Sostiene Pereira es la obra que encumbró al añorado Antonio Tabucchi, que supo crear un personaje inolvidable que, cuando llegó el momento, se convirtió en un espectador activo del mundo que le rodeaba.

Así que, por el autor y por Pereira, sostengo que no puede haber mejor homenaje que degustar esta novela junto a una limonada fresca y una sabrosa omelette a las finas hierbas.

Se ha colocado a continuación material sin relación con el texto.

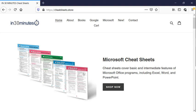This is Ian Lamont signing off. And if this video helped you, please take a moment to like it or follow me on YouTube. And you can see more of my videos and blog posts about using Adobe and other types of software on the Cheat Sheet Store or In30Minutes.com. Thanks so much for watching.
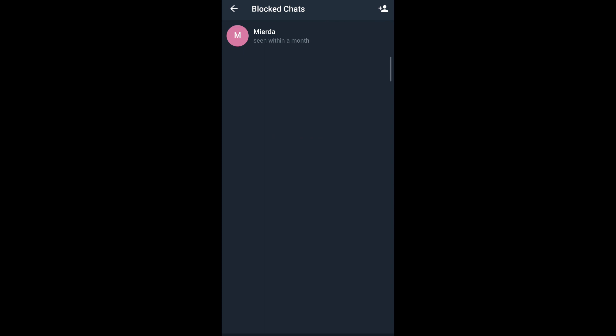And that's how you block someone in Telegram X. I hope this video was useful. If there's any questions, let us know in the comments down below, and thanks for watching.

(Tomado del prgrama de televisión Página Dos, de RTVE, emitido el día 20 de septiembre de 2016)

 

En efecto, Pereira es un hombre que disfruta con sus costumbres. Vivimos atosigados por dependencias impuestas, nos parece imposible pasar sin todas las necesidades que creemos tener. Por eso debería resultarnos entrañable un personaje que es tan libre como para sosegarse con lo más simple, con una tortilla (o una omelette, sostendría él) en un restaurante literario, con un cuento francés del siglo XIX o con una limonada. O con sus propios pesares, darle por fin la bienvenida a la nostalgia y perder el miedo a hablarle a un retrato. Pereira es inolvidable porque encarna la humildad y la posibilidad de redención que todos llevamos con nosotros pero a las que tantas veces damos de lado.